An international committee of historians recommended which sections of the Comintern archive were to be digitized. (I served on the committee.) Entire sections were chosen for digitization, not individual documents. For example, one of the digitized sections is fond (collection) 495, opis
(inventory) 15, the records of the secretariat of Andre Marty, a French Communist leader and member of the Executive Committee of the Communist International (ECCI) in the 1930s. All of the documents in the Marty secretariat are digitized, not a selection of individual documents. RGASPI agreed to the sections recommended by the committee with the exception of the records of four personal secretariats, those of Manuilsky, Piatnitsky, and two Dimitrov collections. These were withheld due to the presence of intelligence agency material in these opisi that Russian security regulations prohibit from public use until declassified, a process that has not yet been completed.

The sections richest in American-related material are included in the opisi chosen for digitization: The American Commission (495-47) and the Anglo-American Secretariat (495-77). Note that this Comintern American material is not the same as RGASPI fond 515 opis 1, the CPUSA collection, that is available on microfilm.

The scanning of the documents was undertaken by RGASPI archivists who also prepared the Russian-language database. The database (designed by a Spanish software firm) is essentially an edited electronic version of the printed RGASPI finding aids allowing computer searches using file descriptors, key words, and personal or organizational names down approximately to the individual file folder (delo) level (not to an individual document level). The database allows rapid location of file descriptions of the entire twenty-million plus pages of the Communist International archive at RGASPI, not just the one-million pages electronically scanned for the Incomka project.

To facilitate international use, Incomka determined that the database was to be electronically searchable in both Cyrillic-alphabet Russian and Latin-alphabet English.
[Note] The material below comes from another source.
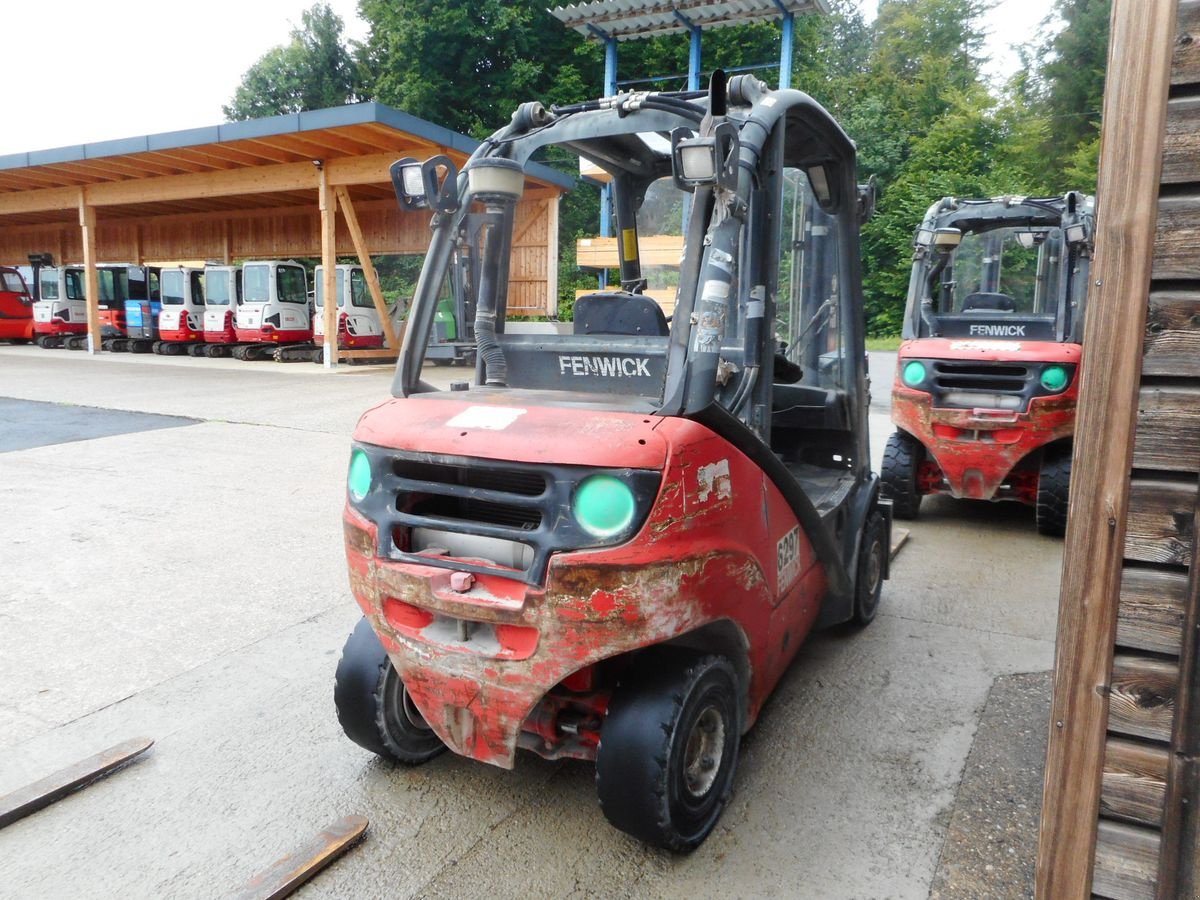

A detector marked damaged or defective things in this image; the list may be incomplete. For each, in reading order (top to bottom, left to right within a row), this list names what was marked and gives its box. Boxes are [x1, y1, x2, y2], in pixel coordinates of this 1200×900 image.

rusty red forklift [333, 75, 888, 854]
rusty red forklift [883, 194, 1099, 535]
The U.S. Library of Congress agreed to be the lead agency for translation of the database with Dr. Ronald D. Bachman, the Library’s Polish and East European area specialist, as the supervising linguist. Particularly with personal names, the translation task was a formidable one, where a name in Finnish, French, Chinese or some other language had been transliterated into Russian by a Comintern clerk, sometimes one with limited translation skills, and the Russian translation then being incorporated into the RGASPI finding aid and Incomka data base. To assist with the difficulties of translating the names from Russian into Latin-alphabet English, 167 scholars from 54 countries were called upon to review and correct when possible misspellings and translation garbles with names.

The Incomka project is now in its final stages. At the end of June the final product will be installed in computer work stations at RGASPI with installation at the partner institutions following. Installation at the Library of Congress is currently scheduled for the end of September 2003. The Incomka product will initially be accessible only at workstations at the partner institutions, an RGASPI requirement. RGASPI is negotiating with web providers to make the Incomka project available on a subscription/fee basis via the web, but that is for the future. Until the web product is available, the Incomka product will be available for free but only at a workstation in each partner institution.”